* What you will do: Once the line holding "Broken windowpanes in a house 89243215" is found in the listing below, write it out and each later line exactly, up to and including the one holding "Specialized Epic: A".
-------- Data --------
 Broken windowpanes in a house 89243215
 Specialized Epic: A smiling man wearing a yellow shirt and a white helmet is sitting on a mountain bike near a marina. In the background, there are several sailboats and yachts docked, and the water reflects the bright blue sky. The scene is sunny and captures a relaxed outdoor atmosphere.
--------
-------- Data --------
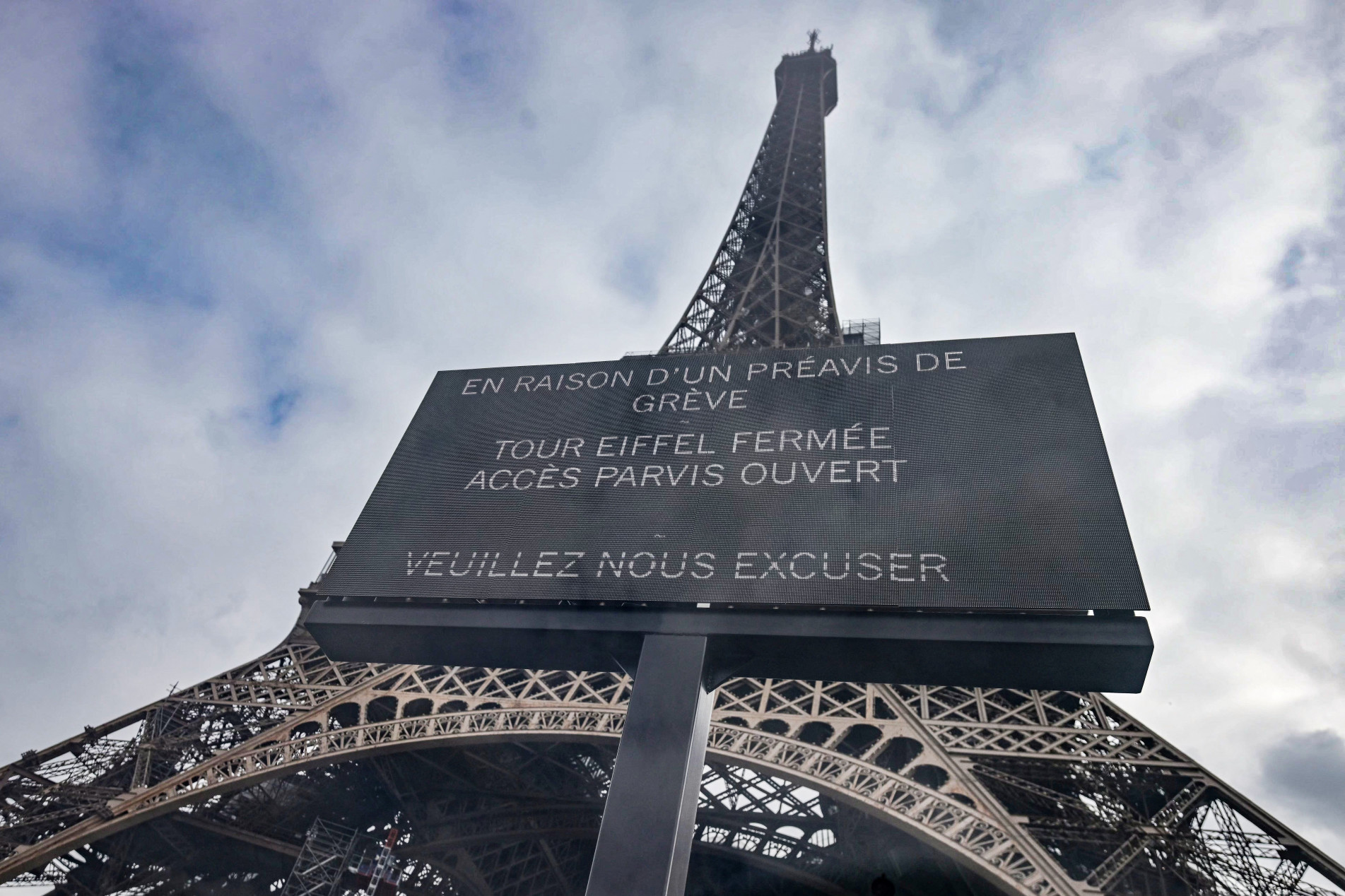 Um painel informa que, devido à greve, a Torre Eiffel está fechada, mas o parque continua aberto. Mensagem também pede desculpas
--------
* Answer:
 Broken windowpanes in a house 89243215
 Specialized Epic: A smiling man wearing a yellow shirt and a white helmet is sitting on a mountain bike near a marina. In the background, there are several sailboats and yachts docked, and the water reflects the bright blue sky. The scene is sunny and captures a relaxed outdoor atmosphere.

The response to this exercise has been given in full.